Отовсюду посыпались возгласы одобрения. Татьяна снова схватила меня под руку и потащила к выходу.
Мы обошли здание, прошли под окном моей комнаты и оказались на небольшой лужайке, покрытой стриженной газонной травой и обильно насыщенной лавочками. Мужчины закурили, женщины стали собирать опавшие листья и выискивать на деревьях белок. Некоторые принесли с собой бадминтон и принялись играть. Я почувствовал себя пятилетним ребенком, которого в детском саду воспитатели вывели на прогулку. Затем, обратив внимание на то, что иду под руку с девушкой, почему-то показалось, что это мероприятие больше походит на выгул пенсионеров в доме престарелых.
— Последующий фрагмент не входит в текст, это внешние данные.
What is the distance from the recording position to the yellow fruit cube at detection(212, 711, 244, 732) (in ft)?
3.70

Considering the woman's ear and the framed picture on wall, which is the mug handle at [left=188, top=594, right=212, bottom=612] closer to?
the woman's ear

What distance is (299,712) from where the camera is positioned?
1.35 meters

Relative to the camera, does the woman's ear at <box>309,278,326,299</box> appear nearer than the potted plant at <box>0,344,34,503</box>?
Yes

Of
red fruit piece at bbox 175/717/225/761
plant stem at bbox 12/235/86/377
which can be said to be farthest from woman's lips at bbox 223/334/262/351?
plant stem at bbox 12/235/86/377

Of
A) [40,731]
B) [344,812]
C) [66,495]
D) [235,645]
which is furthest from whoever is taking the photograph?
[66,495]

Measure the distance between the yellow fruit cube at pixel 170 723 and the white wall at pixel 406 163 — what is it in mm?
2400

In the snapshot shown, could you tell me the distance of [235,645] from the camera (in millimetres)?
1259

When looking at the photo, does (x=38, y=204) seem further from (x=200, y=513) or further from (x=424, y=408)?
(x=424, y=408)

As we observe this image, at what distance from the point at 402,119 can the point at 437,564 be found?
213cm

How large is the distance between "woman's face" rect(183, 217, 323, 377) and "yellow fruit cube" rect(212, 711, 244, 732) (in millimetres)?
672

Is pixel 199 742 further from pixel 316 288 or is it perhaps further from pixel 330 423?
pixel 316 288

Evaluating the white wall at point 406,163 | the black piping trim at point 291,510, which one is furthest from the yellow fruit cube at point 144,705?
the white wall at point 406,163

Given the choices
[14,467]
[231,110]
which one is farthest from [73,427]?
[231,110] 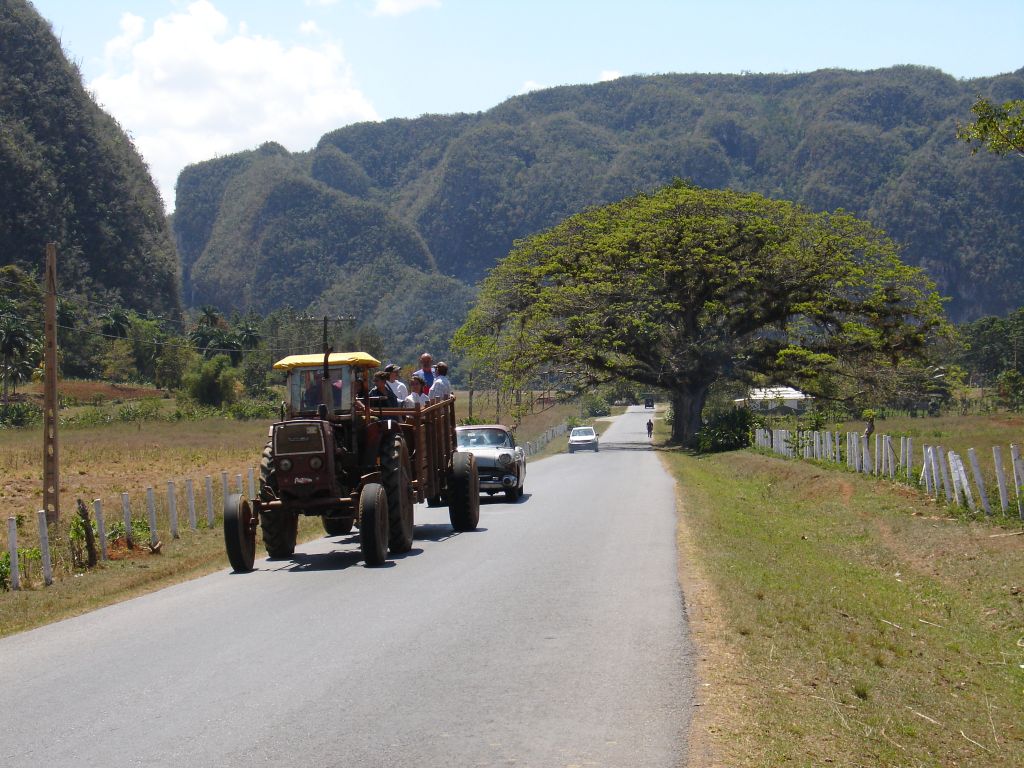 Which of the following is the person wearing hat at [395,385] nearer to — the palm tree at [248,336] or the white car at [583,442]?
the white car at [583,442]

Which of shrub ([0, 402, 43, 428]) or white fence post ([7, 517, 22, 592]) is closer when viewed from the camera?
white fence post ([7, 517, 22, 592])

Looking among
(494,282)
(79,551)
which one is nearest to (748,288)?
(494,282)

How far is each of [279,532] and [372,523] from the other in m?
2.04

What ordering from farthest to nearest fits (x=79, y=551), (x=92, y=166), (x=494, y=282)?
(x=92, y=166), (x=494, y=282), (x=79, y=551)

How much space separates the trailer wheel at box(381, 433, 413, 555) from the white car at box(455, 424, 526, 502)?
25.2 feet

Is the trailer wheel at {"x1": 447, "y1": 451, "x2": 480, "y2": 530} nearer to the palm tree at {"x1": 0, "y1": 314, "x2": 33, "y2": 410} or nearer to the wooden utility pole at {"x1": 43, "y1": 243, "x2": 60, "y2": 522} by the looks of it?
the wooden utility pole at {"x1": 43, "y1": 243, "x2": 60, "y2": 522}

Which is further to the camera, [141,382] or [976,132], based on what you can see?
[141,382]

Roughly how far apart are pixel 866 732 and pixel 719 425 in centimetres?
4336

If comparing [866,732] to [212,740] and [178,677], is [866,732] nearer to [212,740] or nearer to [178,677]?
[212,740]

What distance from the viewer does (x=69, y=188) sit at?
169m

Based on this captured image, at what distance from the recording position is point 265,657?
8750 millimetres

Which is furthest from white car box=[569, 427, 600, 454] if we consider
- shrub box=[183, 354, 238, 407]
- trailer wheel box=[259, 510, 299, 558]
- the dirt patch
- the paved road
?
shrub box=[183, 354, 238, 407]

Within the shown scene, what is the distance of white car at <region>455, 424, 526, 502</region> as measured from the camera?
76.0ft

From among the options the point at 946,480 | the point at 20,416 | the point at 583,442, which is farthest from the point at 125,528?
the point at 20,416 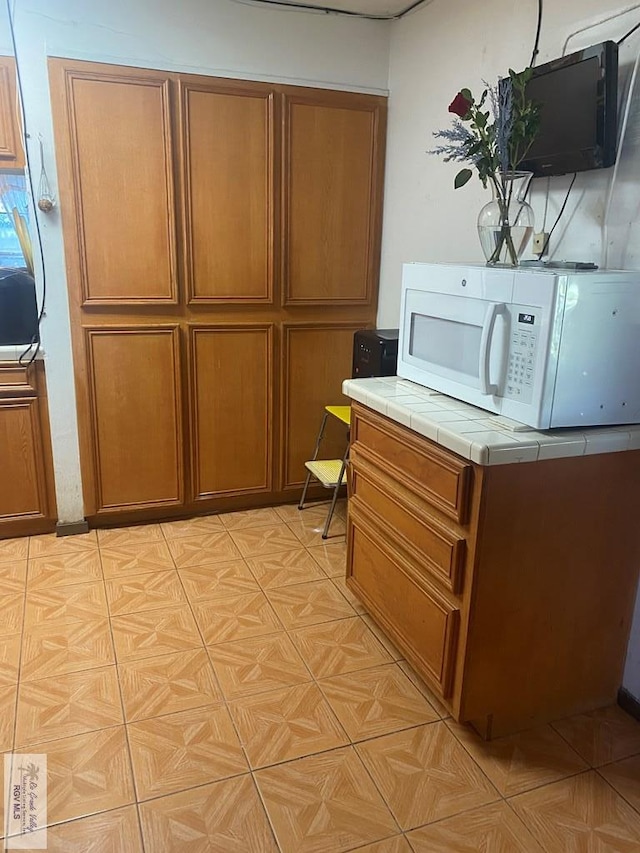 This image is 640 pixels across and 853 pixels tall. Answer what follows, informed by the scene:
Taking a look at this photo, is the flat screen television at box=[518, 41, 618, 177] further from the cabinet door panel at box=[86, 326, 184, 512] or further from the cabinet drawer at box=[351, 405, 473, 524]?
the cabinet door panel at box=[86, 326, 184, 512]

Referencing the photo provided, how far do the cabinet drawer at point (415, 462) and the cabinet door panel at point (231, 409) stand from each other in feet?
3.46

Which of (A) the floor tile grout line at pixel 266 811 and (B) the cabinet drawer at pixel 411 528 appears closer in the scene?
(A) the floor tile grout line at pixel 266 811

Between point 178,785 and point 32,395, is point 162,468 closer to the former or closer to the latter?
point 32,395

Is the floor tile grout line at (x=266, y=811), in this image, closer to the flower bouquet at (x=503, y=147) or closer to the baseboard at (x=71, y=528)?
the flower bouquet at (x=503, y=147)

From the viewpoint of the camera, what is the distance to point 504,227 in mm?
1876

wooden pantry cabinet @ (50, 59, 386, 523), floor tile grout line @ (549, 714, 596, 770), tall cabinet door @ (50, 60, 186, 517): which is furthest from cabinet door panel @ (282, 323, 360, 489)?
floor tile grout line @ (549, 714, 596, 770)

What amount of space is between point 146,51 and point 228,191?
2.09ft

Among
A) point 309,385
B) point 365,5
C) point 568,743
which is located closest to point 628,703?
point 568,743

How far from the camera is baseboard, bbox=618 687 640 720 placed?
6.29ft

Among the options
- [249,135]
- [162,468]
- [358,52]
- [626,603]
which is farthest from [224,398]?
[626,603]

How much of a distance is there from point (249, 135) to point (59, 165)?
0.84m

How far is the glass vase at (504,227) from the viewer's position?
Result: 189 cm

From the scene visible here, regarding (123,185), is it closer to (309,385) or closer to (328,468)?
(309,385)

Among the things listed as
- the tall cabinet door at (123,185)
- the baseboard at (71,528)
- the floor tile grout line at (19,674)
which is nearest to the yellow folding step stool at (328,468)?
the tall cabinet door at (123,185) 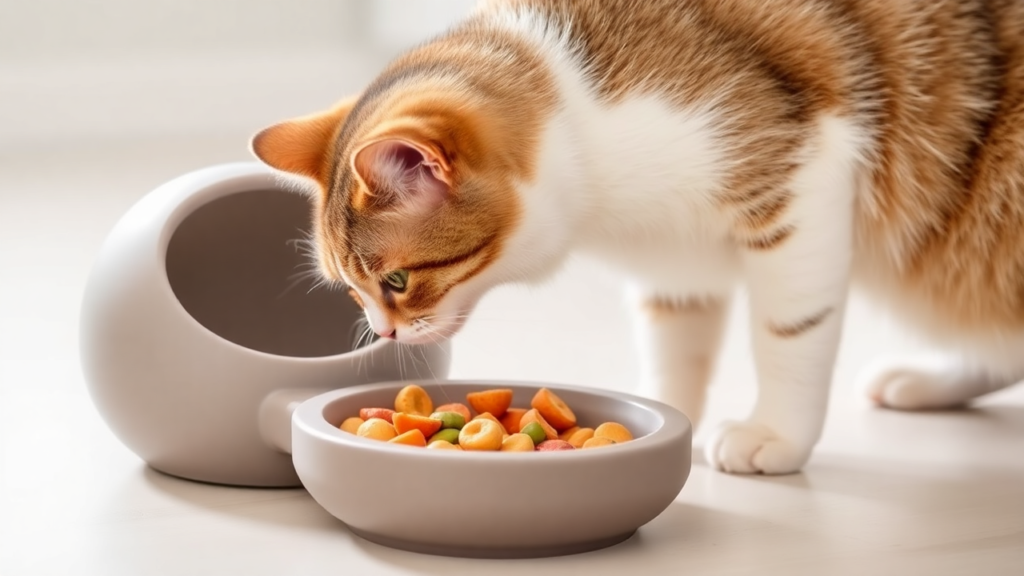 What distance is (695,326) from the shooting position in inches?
69.6

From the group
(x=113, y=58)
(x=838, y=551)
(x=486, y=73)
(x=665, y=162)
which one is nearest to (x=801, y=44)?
(x=665, y=162)

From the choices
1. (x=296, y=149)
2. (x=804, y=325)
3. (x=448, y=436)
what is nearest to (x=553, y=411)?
(x=448, y=436)

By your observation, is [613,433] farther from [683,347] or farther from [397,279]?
[683,347]

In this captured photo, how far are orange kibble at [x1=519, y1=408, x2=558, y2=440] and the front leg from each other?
0.96ft

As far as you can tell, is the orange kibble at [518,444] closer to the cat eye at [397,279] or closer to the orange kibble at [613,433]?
the orange kibble at [613,433]

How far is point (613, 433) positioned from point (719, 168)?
Result: 36 cm

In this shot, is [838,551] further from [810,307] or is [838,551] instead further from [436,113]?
[436,113]

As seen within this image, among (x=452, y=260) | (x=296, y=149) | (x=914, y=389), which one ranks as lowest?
(x=914, y=389)

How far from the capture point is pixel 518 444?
124 centimetres

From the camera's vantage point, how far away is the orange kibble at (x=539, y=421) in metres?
1.32

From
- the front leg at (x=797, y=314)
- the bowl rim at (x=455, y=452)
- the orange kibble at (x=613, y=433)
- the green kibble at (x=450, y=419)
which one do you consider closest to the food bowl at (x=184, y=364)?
the bowl rim at (x=455, y=452)

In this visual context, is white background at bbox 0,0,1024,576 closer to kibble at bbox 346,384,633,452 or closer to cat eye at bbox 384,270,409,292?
kibble at bbox 346,384,633,452

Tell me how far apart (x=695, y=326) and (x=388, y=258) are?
0.61 metres

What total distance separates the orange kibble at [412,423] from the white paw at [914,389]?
0.91 meters
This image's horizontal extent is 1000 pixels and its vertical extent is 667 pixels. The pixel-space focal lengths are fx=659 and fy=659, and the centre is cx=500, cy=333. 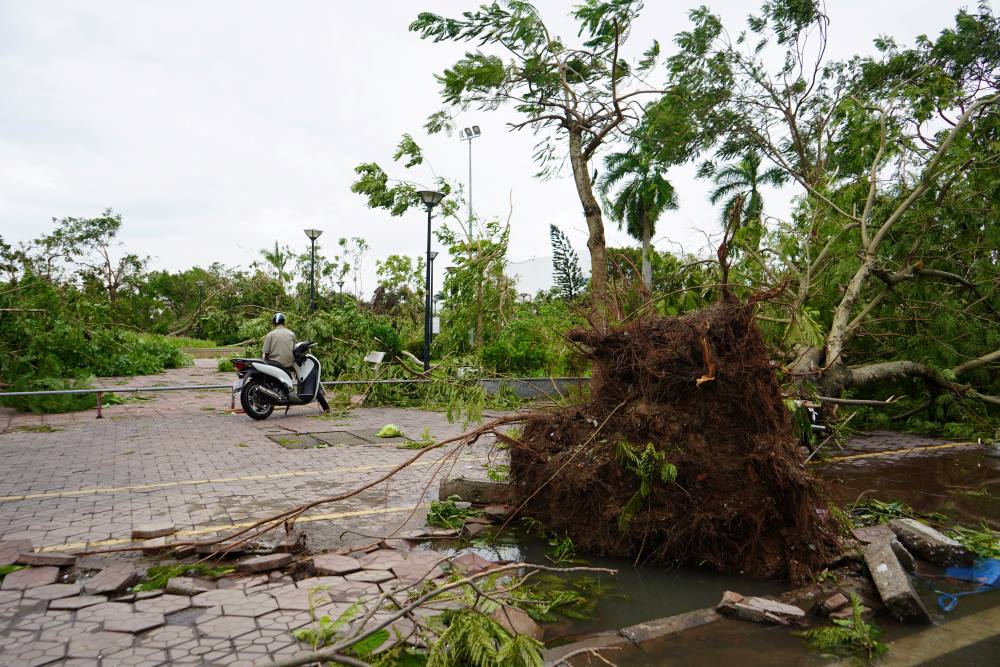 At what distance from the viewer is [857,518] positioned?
586 cm

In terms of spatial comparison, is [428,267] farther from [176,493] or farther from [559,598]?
[559,598]

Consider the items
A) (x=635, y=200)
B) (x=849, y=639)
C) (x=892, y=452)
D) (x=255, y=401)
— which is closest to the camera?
(x=849, y=639)

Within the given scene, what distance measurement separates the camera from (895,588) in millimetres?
3918

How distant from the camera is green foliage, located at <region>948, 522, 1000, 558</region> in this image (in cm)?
501

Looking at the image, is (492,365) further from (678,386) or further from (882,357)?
(678,386)

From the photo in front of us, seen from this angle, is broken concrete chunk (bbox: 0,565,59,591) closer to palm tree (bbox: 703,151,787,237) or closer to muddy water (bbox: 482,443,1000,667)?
muddy water (bbox: 482,443,1000,667)

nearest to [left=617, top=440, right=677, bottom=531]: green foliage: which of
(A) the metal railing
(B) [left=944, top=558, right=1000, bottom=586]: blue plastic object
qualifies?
(B) [left=944, top=558, right=1000, bottom=586]: blue plastic object

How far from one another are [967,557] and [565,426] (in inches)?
119

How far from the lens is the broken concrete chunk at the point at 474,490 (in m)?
5.93

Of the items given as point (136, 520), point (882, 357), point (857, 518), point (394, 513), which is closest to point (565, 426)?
point (394, 513)

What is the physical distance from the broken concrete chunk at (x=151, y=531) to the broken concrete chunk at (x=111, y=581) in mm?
635

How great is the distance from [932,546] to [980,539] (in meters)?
0.78

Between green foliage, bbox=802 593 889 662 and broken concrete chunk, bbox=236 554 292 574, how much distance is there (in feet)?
10.5

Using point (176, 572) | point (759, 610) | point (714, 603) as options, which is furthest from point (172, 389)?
point (759, 610) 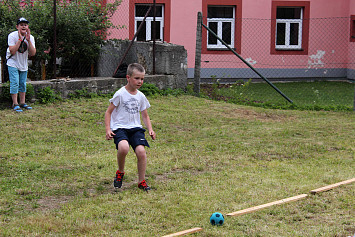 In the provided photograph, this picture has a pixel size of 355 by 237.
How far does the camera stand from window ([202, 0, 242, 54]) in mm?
17953

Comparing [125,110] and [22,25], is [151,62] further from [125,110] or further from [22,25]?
[125,110]

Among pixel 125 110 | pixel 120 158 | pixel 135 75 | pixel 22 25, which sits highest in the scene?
pixel 22 25

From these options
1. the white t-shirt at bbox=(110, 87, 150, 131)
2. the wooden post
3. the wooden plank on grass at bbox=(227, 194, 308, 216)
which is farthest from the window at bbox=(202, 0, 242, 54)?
the wooden plank on grass at bbox=(227, 194, 308, 216)

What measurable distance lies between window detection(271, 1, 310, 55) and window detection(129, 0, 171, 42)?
3.74 m

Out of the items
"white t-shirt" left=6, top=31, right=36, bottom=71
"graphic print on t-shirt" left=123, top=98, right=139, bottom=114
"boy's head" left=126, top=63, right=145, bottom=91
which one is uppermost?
"white t-shirt" left=6, top=31, right=36, bottom=71

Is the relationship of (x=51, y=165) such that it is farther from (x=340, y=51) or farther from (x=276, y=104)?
(x=340, y=51)

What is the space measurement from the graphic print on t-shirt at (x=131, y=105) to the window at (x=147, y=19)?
36.7 ft

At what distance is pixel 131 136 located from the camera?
18.3ft

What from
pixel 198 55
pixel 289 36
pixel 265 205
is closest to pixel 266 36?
pixel 289 36

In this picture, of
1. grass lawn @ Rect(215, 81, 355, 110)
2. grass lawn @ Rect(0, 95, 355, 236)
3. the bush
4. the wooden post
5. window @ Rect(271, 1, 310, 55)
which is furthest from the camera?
window @ Rect(271, 1, 310, 55)

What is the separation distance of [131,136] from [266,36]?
13628 millimetres

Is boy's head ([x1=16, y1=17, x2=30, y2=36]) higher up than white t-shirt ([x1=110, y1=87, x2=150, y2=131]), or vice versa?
boy's head ([x1=16, y1=17, x2=30, y2=36])

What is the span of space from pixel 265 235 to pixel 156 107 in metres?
6.97

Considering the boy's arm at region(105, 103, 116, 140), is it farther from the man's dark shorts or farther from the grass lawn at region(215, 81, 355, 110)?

Так или иначе, прогулка вызывала чувство уныния и безысходности.
– Чудовищно, правда? – спросила меня Татьяна, когда мы присели на одну из скамеек, - Такое ощущение, что нас пасут, как каких-нибудь баранов или коров.
Я засмеялся.
– А мне показалось, что это прогулка в доме престарелых.
Теперь засмеялась и она тоже.
– Это пройдет. Просто ты еще не привык. Я первое время вообще с ума сходила. Странно звучит из уст сумасшедшей, но чувство было именно такое. Ни с кем не общалась, сидела целыми днями в комнате. Разговаривала только с Аглаей. Еще немного и точно руки на себя наложила бы. Но она, конечно, молодец. Настоящий профессионал. Знал бы ты, с какими психиатрами приходилось сталкиваться до этого, ты бы понял. Регеций вообще не такая!
– Хотел спросить у тебя насчет самоубийств. Мне тут один конвоир говорил, что в отделении высокая смертность. Причем, люди именно накладывают на себя руки.
– Да? – удивилась Татьяна, - Честно говоря, ни разу не замечала. Выздоравливали люди – это да. Их выписывали. Но чтобы кончали с собой… Может он обманывал?
– Не знаю. Вряд ли. Незачем ему было это делать.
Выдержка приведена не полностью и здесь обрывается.